# Filtro pasa-bajos para sub-woofer.



## jms_salta (Jul 8, 2009)

Hola amigos he encontrado este diagrama de un circuito de un filtro pasa bajos sub-woofer, en el cual esta diseñado con dos integrados L7810 y tl071.El problema es que no esta claro el valor del diodo Zener 5.1V (recuadrado en rojo) y las entradas de los conectores 1,2y3 donde se conecta la entrada y salida del audio y con que voltaje trabaja la entrada DC.Gracias 
Adjunto y remarco con rojo la imagen del circuito. Es para crear el efecto de los bajo .1 de un amplificador. Si conocen uno sencillo de armar tambien se lo agradeceria.


----------



## Alexis Córdoba (Jul 8, 2009)

Hola jms_salta. Puedes pasar el Diagrama de tu filtro es que me interesa para mi sub-woofer que  estoy por armar.
Gracias


----------



## neutron (Jul 8, 2009)

el conector 1 es para conectar la alimentacion.. hasta 25 volt que le metas va a andar bien. porque esta el regulador 7810 que lo baja a 10v..  no le pongas menos de 12 porque puede fallar el funcionamiendo de dicho regulador..

el conector 2 es la entrada de audio.. siendo el borne de abajo de todo la parte "positiva" de la señal..
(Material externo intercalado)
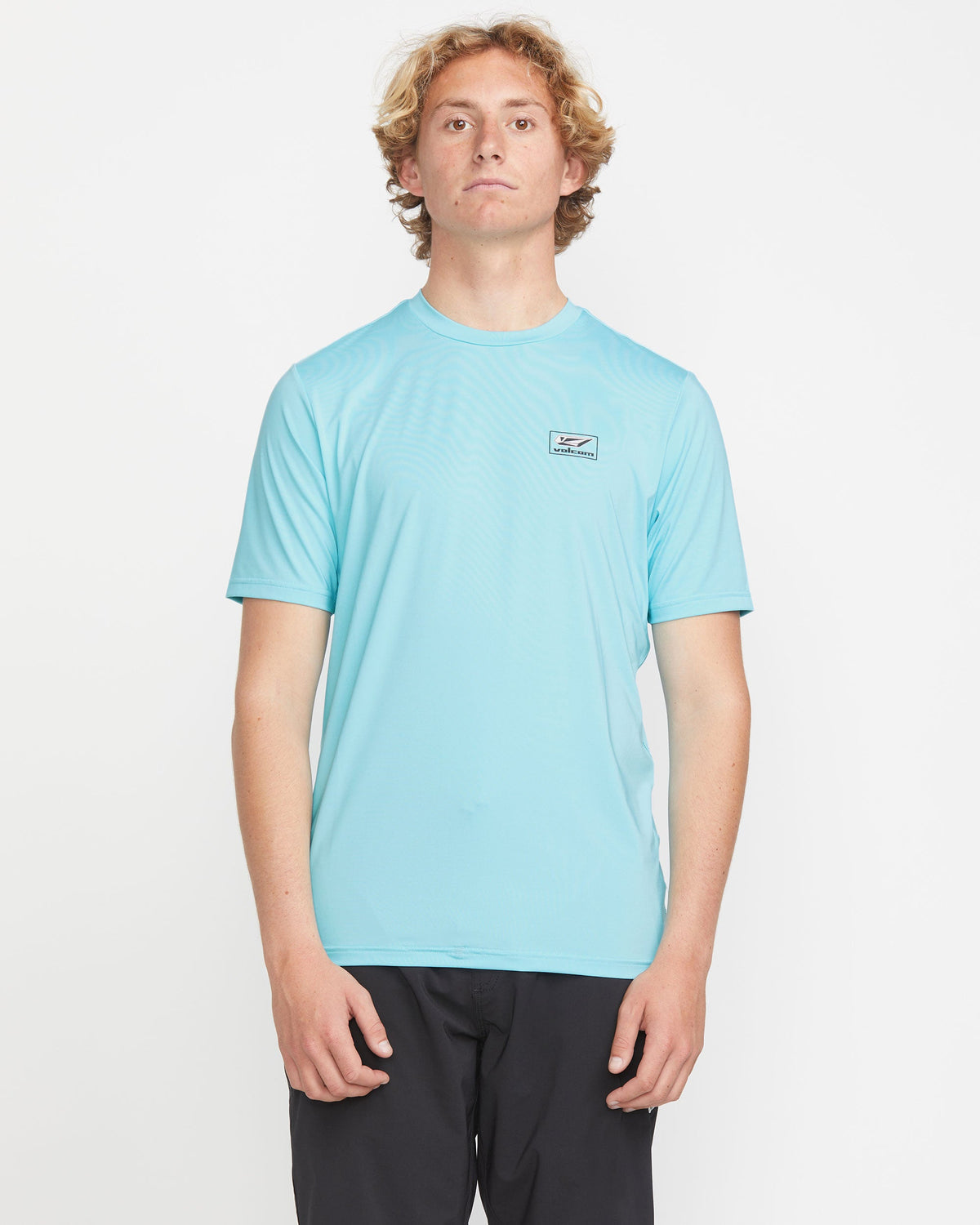 Men's Modstone Loose Short Sleeve Surf Tee | Volcom Value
el conector 3 es la salida de audio ya filtrada, el borne de abajo de todo seria la masa de la señal..

y no entiendo tu inquietud con el zenner.. es de 5.1v.. supongo que un 1N4733 va a ir bien..

si me equivoco avisenme..:S soy humano tambien..


----------



## jms_salta (Jul 9, 2009)

gracias me parece qu lo voy aprobar.
Adjunto el pcb


----------



## neutron (Jul 9, 2009)

cuando compres los componentes, si es que los vas a comprar.. el zenner no lo pidas como 1N4733 porque no estoy seguro de que sea ese de 5.1v..  vos pedi un zenner de 5.1v y listo..


----------



## jms_salta (Jul 10, 2009)

He encontrado este tambien este filtro muy sencillo que trabaja con un integrado Tl081 y el cual tiene un par de resistencia usando la entrada del audio (+L y +R) dando una salida de 1500Hz y una ganacia de 1.5, trabando con 12V me gustaria tambien a ver que le parece y si fucionara.He diseñado la plaqueta y si encuentran algun error o un rediseño me avisan.Gracias


----------



## macr0s666 (May 18, 2010)

holas amigos aqui le paso un diagrama pasabajos y esta muy bueno y cualquiera cosa avisan .graciasel CI es TL081 
	

	
	
		
		

		
			





bueno amigos aqui les posteo un circuito por cieto muy bueno ya lo probe y anda de marabillas .con respecto a las frecuencias podis cambiarlas aqui le paso unos valores de condensadores 33nf , 47nf , 27nf, 22nf 15nf para la distintas frecuencias. cualquiera duda escribirme atte marco 
	

	
	
		
		

		
		
	


	



aqui les dejo le Pbc. http://usuarios.multimania.es/matador20/reforsador_graves.pcb


----------



## decioaccietto (May 23, 2010)

hola macros666 cómo va?,  me guastaría   saber si ese filtro funciona bien , cuales son y como cambiar las frecuencias de  corte.
Estuve renegando con este  filtro,http://www.electronicafacil.net/circuitos/Filtro-pasa-bajos-para-sub-woofer-activo.html   pero no logré que funcione. desde ya muchas gracias.


----------



## naikon (May 25, 2010)

Un filtro muy basico de armar pero a la vez esta muy bueno, es el posteado en construya su video rockola ...si te fijas en la web, veras que hay uno alli, y es muy sencillo de armar, utiliza 1 solo tl071, yo lo arme y anda barbaro.. se alimenta con +/-15v, pero lo podes alimentar con un poco menos y te va a andar igual de bien..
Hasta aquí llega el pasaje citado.